My own new class on the ‘Somerville Novelists’ may, in fact, incorporate technology (brace yourselves, students–I’m thinking wikis again!), but it will have been developed from reading I did initially purely out of interest–and of books I bought with my own money. I don’t mind about the money–though it’s sometimes frustrating to realize how much the university relies on our willingness to do things “on our own” without which the institution would be a much poorer place, and by that I don’t mean poorer financially. (I bought the laptop I’m using with my own money too–the university doesn’t provide “home” or portable computers, or at least our faculty doesn’t, but imagine how academic work would grind to a halt if we could not work evenings and weekends, or not without coming in to campus. But that’s another issue…sort of.) I don’t really draw strict lines between what I do for work and what I do for myself, precisely because being a professor is not just having a job but having a certain identity–filling (or aspiring to fill) a certain kind of role in the world. But especially since reading Drummond’s essay I’ve been thinking about the way our particular understanding of “research,” one that yokes together the process and the product, undervalues other kinds of reading. I do mind about that, because I think it artificially narrows both that job and that identity.

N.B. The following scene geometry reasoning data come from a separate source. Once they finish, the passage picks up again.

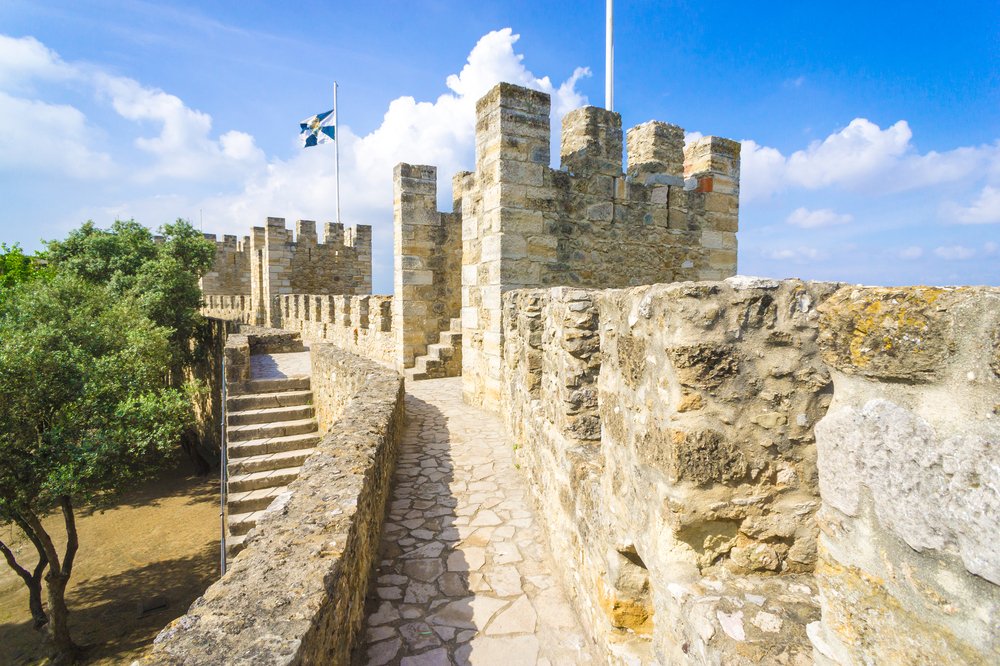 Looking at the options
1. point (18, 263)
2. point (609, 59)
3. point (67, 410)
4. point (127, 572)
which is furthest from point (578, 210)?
point (18, 263)

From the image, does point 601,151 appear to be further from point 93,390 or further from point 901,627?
point 93,390

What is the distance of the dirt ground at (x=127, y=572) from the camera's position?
25.6 feet

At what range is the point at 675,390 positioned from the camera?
1585 millimetres

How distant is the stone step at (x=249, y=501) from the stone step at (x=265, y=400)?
1885 millimetres

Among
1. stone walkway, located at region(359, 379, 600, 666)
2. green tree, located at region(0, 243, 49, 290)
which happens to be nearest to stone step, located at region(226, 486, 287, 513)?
stone walkway, located at region(359, 379, 600, 666)

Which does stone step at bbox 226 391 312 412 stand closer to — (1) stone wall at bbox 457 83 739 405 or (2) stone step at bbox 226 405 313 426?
(2) stone step at bbox 226 405 313 426

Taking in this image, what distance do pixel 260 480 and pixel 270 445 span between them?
70 centimetres

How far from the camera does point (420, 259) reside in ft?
32.5

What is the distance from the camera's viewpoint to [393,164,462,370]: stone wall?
32.0 feet

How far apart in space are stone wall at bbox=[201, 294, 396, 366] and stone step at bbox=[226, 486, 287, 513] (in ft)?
13.2

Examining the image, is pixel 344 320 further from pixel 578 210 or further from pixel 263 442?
pixel 578 210

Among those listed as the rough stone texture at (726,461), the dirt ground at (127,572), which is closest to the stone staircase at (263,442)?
the dirt ground at (127,572)

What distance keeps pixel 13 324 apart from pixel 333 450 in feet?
29.8

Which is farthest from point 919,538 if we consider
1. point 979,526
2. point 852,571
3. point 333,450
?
point 333,450
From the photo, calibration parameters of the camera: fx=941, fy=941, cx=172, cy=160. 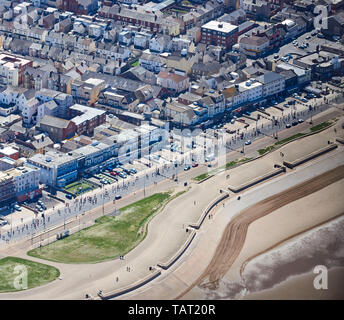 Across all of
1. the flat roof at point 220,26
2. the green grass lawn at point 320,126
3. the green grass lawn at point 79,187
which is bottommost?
the green grass lawn at point 79,187

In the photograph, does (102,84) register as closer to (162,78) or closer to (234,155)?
(162,78)

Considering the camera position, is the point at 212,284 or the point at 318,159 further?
the point at 318,159

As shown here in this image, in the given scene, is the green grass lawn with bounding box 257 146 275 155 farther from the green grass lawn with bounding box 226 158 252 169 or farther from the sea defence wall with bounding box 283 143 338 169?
the sea defence wall with bounding box 283 143 338 169

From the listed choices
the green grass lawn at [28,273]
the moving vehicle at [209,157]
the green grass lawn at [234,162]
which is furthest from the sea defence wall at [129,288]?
the moving vehicle at [209,157]

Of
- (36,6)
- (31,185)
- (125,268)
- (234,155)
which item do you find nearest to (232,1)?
(36,6)

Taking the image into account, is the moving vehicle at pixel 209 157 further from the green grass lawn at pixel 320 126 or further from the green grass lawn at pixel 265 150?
the green grass lawn at pixel 320 126

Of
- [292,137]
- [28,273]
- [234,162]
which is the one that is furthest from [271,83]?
[28,273] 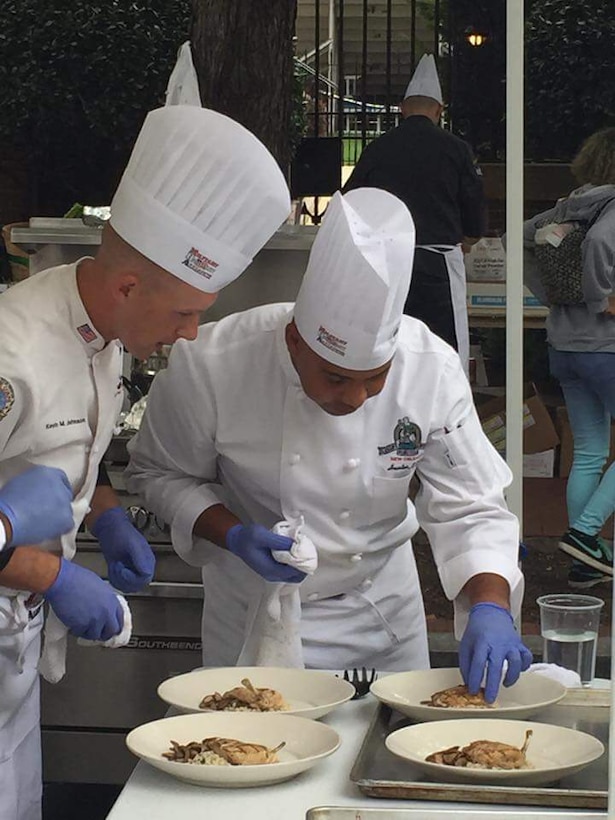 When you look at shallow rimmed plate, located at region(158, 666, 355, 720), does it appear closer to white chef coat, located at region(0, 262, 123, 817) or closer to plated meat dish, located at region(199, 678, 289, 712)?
plated meat dish, located at region(199, 678, 289, 712)

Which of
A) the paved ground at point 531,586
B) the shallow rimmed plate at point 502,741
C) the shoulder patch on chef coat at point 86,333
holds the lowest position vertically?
the paved ground at point 531,586

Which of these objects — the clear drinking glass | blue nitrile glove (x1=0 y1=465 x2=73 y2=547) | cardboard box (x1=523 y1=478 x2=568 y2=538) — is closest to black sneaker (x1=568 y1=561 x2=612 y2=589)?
cardboard box (x1=523 y1=478 x2=568 y2=538)

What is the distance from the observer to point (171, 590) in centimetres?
308

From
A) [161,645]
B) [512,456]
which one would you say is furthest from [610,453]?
[161,645]

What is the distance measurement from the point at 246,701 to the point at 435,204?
2.98 metres

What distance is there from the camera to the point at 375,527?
7.42 feet

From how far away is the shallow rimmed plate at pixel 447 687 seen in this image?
1826 mm

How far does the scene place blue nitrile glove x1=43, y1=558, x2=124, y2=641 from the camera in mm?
1788

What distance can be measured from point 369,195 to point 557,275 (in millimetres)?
2287

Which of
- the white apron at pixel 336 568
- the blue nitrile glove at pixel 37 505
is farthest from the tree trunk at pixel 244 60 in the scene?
the blue nitrile glove at pixel 37 505

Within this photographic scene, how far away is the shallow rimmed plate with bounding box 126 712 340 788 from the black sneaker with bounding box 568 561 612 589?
2.93 metres

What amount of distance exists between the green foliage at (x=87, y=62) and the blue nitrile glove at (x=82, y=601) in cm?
477

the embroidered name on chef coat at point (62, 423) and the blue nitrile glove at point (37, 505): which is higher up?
the embroidered name on chef coat at point (62, 423)

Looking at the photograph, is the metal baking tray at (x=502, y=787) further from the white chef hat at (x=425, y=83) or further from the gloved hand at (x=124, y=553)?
the white chef hat at (x=425, y=83)
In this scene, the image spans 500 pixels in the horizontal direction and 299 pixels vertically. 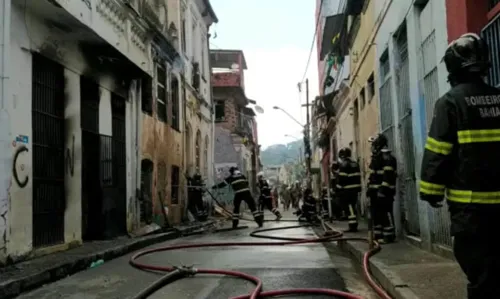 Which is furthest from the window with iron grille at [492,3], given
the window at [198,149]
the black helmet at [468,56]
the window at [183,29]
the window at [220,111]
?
the window at [220,111]

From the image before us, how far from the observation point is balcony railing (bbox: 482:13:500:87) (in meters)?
5.35

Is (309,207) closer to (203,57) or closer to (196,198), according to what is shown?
(196,198)

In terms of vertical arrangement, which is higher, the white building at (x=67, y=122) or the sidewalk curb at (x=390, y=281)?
the white building at (x=67, y=122)

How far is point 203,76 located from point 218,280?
741 inches

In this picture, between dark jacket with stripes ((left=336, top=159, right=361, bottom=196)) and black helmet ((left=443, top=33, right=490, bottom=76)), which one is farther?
dark jacket with stripes ((left=336, top=159, right=361, bottom=196))

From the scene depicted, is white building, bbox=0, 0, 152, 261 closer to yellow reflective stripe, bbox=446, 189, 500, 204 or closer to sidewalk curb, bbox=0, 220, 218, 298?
sidewalk curb, bbox=0, 220, 218, 298

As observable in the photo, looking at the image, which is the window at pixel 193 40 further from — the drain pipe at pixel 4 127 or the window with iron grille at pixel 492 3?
the window with iron grille at pixel 492 3

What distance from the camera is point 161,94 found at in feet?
55.6

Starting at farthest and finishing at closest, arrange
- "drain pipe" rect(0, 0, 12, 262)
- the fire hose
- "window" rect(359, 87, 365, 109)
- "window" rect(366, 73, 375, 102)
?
"window" rect(359, 87, 365, 109) → "window" rect(366, 73, 375, 102) → "drain pipe" rect(0, 0, 12, 262) → the fire hose

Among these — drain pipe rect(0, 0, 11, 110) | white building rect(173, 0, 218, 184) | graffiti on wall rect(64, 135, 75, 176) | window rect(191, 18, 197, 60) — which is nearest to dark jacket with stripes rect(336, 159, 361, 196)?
graffiti on wall rect(64, 135, 75, 176)

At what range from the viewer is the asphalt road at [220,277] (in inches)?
236

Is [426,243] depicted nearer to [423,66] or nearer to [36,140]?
[423,66]

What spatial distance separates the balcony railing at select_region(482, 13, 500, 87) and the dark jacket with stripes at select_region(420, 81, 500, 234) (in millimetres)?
2043

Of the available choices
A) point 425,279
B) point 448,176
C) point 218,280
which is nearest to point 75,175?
point 218,280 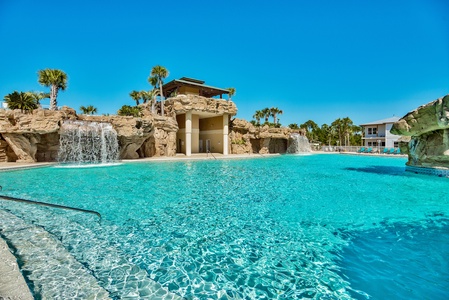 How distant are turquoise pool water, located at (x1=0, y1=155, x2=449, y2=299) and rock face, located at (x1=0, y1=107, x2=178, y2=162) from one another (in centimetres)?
931

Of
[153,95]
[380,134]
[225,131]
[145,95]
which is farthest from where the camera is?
[380,134]

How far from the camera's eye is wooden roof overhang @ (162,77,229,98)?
3382 cm

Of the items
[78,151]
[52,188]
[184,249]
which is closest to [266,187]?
[184,249]

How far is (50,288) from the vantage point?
2.96m

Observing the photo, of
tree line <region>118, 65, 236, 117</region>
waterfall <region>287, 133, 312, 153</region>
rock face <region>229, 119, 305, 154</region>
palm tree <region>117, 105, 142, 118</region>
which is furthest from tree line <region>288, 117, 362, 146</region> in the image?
palm tree <region>117, 105, 142, 118</region>

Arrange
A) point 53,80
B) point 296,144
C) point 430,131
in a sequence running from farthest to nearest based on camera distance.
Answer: point 296,144
point 53,80
point 430,131

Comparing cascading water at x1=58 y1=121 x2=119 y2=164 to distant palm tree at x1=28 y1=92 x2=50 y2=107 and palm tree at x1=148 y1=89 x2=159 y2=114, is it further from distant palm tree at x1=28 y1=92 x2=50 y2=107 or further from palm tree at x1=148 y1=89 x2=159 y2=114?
palm tree at x1=148 y1=89 x2=159 y2=114

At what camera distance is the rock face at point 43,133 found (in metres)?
15.7

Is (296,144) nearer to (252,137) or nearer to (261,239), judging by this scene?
(252,137)

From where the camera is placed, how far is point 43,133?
1641 centimetres

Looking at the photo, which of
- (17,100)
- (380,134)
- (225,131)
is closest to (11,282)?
(17,100)

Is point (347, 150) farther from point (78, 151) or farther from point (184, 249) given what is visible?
point (184, 249)

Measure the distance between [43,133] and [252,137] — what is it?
23.7 meters

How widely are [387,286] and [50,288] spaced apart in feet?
14.8
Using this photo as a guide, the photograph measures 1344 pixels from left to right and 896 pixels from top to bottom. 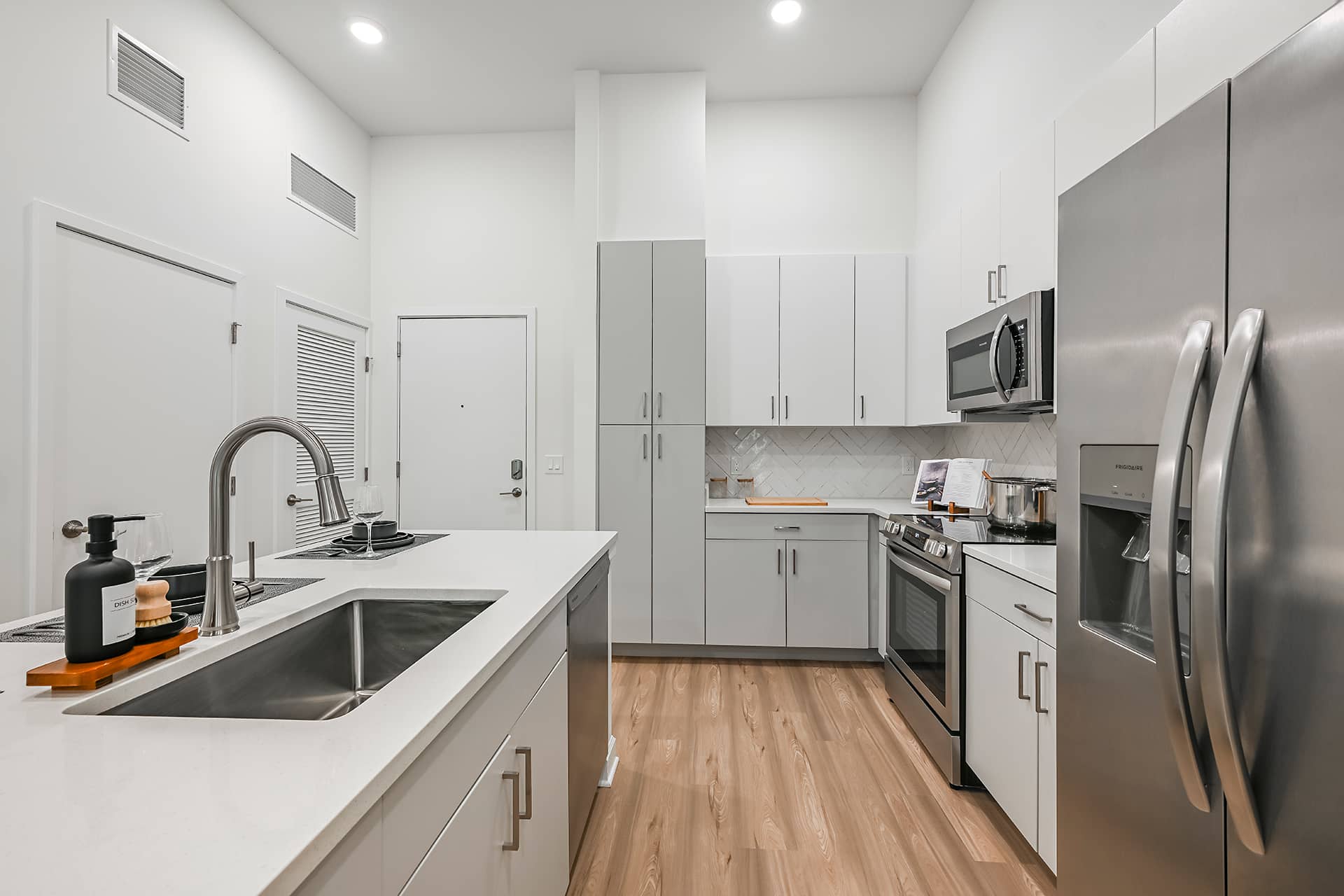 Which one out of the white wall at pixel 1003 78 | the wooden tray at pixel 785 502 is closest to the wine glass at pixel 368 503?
the wooden tray at pixel 785 502

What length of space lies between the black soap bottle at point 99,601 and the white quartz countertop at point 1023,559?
6.29 ft

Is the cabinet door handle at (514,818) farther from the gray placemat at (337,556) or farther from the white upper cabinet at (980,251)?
the white upper cabinet at (980,251)

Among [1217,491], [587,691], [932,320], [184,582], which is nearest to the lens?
[1217,491]

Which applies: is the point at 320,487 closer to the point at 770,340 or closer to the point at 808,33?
the point at 770,340

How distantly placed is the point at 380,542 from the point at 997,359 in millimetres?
2156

Is there really only one professionally worthwhile kind of reading? I’ve recently bought Rebecca West’s Black Lamb and Grey Falcon. I bought it out of interest: I’ve been exhilarated by learning about other early 20th-century women writers, and West is a major figure. I’m not sure where to place her: she’s not specifically in the Somerville crowd I’ve been looking into, and she’s not really a Modernist (I don’t think). I’m curious to figure out more about her. Reading The Return of the Soldier made me more curious. She is not–and Black Lamb and Grey Falcon is not–obviously continuous with any issues or genres I have an explicit “research” interest in. There are plenty of books in “my field” of Victorian literature that I haven’t read, and there are also plenty of books about Victorian literature that I haven’t read. I have some declared “research” projects that have not reached the official finishing point of publication in an academic journal (much less an academic monograph). Clearly, if I read (when I read) Black Lamb and Grey Falcon I am doing it only for myself: it’s not research. And yet reading it will almost certainly  help me have “something intelligent and important to profess to [my] students,” and that I don’t know exactly what else will come of it isn’t necessarily a bad thing. It isn’t even necessarily a bad thing that nothing concrete (beyond some blog posts) may ever come of it. But by some measures–the only ones that mean much, professionally, these days–it would be more productive for me to read the umpteenth specialized analysis of Middlemarch. Now that would be research.